+++ Given records

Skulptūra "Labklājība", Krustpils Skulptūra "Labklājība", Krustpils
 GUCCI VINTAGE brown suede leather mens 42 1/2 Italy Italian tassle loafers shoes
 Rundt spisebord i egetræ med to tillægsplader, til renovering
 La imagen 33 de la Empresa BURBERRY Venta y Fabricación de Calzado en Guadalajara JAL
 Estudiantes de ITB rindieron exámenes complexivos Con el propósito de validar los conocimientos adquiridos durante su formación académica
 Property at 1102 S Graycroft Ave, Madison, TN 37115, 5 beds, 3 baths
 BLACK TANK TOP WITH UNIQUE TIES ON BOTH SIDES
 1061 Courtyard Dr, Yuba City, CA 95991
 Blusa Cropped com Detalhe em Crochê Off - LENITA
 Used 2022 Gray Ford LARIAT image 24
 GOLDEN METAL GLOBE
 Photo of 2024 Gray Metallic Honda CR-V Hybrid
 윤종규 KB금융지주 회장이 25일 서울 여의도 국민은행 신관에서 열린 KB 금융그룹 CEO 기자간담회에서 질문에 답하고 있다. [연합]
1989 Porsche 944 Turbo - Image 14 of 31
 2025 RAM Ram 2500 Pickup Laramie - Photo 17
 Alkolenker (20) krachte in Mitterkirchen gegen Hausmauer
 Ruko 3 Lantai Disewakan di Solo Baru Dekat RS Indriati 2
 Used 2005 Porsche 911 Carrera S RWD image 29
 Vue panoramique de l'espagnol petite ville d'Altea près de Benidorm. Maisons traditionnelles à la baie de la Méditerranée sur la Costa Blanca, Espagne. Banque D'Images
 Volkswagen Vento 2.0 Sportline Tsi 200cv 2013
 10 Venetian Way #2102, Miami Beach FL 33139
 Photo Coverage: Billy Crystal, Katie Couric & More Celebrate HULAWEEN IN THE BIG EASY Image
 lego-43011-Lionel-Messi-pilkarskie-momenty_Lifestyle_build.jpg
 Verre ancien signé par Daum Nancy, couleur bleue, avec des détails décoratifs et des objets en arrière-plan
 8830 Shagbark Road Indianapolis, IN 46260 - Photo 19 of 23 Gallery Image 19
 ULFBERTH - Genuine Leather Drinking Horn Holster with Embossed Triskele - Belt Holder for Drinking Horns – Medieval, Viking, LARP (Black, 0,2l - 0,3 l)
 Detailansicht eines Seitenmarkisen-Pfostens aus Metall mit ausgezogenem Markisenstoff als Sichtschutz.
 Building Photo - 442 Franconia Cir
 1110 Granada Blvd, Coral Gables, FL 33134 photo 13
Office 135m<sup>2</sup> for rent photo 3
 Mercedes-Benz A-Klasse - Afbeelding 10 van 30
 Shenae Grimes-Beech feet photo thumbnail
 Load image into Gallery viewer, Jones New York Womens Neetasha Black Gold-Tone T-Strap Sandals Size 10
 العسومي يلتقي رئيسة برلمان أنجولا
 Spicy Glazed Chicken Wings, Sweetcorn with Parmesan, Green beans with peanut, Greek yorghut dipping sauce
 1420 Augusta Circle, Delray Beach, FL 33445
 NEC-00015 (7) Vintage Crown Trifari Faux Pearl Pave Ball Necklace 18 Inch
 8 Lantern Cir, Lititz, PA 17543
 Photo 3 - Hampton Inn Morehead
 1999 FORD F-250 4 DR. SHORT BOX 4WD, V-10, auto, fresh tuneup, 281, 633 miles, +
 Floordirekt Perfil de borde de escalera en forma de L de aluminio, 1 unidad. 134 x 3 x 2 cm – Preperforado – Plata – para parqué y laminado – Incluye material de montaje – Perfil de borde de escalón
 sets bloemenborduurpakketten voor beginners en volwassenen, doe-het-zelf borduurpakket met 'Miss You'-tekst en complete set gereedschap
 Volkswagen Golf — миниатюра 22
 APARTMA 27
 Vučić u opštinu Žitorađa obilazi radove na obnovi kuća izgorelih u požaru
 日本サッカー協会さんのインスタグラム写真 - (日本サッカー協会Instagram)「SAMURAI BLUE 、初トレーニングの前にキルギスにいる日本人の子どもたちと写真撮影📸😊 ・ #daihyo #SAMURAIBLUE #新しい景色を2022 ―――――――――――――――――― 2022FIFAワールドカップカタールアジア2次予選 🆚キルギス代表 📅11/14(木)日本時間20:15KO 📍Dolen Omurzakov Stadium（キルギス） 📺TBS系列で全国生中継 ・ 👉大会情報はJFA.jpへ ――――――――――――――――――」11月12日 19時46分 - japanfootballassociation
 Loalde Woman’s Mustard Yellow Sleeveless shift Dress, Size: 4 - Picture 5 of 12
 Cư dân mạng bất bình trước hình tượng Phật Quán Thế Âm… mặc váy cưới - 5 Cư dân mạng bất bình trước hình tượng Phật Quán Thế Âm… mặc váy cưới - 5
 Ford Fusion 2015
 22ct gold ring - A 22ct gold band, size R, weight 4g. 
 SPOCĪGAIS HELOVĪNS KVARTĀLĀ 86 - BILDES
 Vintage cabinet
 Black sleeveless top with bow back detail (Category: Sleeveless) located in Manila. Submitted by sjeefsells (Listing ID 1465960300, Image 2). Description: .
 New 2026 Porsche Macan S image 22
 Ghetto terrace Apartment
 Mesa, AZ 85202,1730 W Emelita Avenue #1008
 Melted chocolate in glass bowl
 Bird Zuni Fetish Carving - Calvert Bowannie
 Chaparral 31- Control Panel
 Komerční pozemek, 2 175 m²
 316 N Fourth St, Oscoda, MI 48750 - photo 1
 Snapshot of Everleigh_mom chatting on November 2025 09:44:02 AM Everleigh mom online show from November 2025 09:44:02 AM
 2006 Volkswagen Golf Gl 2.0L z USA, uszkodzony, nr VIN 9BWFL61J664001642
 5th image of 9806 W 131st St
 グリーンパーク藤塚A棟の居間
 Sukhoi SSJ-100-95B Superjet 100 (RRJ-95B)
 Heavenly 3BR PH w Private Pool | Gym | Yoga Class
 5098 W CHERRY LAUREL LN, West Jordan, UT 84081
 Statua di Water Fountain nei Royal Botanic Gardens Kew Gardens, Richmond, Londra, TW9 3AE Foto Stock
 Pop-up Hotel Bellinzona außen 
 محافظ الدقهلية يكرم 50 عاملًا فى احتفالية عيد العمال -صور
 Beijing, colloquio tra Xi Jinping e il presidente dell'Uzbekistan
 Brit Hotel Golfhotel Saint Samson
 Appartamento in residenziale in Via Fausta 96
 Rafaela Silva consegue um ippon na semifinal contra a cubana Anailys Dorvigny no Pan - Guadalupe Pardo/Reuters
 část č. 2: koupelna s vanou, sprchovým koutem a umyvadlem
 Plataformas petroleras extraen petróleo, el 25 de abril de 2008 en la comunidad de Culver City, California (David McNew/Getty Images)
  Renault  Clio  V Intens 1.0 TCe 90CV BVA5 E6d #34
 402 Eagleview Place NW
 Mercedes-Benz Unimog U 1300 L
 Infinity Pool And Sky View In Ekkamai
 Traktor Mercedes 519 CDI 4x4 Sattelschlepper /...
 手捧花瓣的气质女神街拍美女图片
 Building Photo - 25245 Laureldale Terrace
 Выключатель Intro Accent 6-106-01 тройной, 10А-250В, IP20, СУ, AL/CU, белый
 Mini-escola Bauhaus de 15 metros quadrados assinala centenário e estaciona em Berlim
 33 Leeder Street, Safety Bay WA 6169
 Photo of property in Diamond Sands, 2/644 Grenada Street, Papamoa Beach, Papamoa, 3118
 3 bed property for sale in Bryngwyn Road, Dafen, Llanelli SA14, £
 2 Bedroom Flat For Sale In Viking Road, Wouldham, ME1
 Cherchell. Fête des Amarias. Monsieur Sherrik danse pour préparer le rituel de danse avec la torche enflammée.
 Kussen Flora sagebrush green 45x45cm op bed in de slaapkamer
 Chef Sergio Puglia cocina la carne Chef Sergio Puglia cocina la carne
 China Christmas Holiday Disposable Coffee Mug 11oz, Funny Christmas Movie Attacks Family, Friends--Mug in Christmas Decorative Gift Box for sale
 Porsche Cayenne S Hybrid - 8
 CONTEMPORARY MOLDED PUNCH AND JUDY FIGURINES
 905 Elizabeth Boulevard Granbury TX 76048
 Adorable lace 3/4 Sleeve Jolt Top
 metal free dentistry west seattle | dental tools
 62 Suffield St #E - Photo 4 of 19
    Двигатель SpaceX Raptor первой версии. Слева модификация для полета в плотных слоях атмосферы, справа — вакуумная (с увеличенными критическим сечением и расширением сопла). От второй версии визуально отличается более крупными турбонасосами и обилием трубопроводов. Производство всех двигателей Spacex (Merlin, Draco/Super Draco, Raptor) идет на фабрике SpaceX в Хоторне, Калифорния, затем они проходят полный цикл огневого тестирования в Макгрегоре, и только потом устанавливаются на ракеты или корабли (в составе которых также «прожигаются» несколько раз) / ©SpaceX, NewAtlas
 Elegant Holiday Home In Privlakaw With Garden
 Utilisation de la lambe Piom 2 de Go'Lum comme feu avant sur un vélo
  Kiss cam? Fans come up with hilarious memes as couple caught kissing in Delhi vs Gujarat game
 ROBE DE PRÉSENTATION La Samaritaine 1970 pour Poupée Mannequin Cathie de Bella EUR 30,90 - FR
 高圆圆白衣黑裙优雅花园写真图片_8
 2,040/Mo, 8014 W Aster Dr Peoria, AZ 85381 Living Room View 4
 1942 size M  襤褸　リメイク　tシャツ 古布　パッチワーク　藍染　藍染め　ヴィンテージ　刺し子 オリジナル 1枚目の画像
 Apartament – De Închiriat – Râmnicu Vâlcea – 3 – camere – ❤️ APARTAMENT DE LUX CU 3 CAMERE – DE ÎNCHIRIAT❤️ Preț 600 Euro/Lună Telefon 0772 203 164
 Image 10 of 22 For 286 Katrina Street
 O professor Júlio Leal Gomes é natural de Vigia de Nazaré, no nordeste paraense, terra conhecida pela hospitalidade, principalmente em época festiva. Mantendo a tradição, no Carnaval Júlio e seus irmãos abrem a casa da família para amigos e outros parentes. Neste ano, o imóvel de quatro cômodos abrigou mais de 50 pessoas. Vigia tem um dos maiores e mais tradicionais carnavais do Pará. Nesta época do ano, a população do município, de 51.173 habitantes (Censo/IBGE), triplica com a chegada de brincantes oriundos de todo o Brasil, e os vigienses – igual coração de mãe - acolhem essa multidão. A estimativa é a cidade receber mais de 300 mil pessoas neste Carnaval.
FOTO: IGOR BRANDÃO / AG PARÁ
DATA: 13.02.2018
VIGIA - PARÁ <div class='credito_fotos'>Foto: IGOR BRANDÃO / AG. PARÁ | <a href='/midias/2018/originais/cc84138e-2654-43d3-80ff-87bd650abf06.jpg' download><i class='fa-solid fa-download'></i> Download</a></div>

++++++

Among the entries above, the line containing "Property at 1102", the line containing "Used 2005 Porsche 911 Carrera S RWD image 29", and all lines between them are to be restated word for word; nothing else belongs in the reply.

 Property at 1102 S Graycroft Ave, Madison, TN 37115, 5 beds, 3 baths
 BLACK TANK TOP WITH UNIQUE TIES ON BOTH SIDES
 1061 Courtyard Dr, Yuba City, CA 95991
 Blusa Cropped com Detalhe em Crochê Off - LENITA
 Used 2022 Gray Ford LARIAT image 24
 GOLDEN METAL GLOBE
 Photo of 2024 Gray Metallic Honda CR-V Hybrid
 윤종규 KB금융지주 회장이 25일 서울 여의도 국민은행 신관에서 열린 KB 금융그룹 CEO 기자간담회에서 질문에 답하고 있다. [연합]
1989 Porsche 944 Turbo - Image 14 of 31
 2025 RAM Ram 2500 Pickup Laramie - Photo 17
 Alkolenker (20) krachte in Mitterkirchen gegen Hausmauer
 Ruko 3 Lantai Disewakan di Solo Baru Dekat RS Indriati 2
 Used 2005 Porsche 911 Carrera S RWD image 29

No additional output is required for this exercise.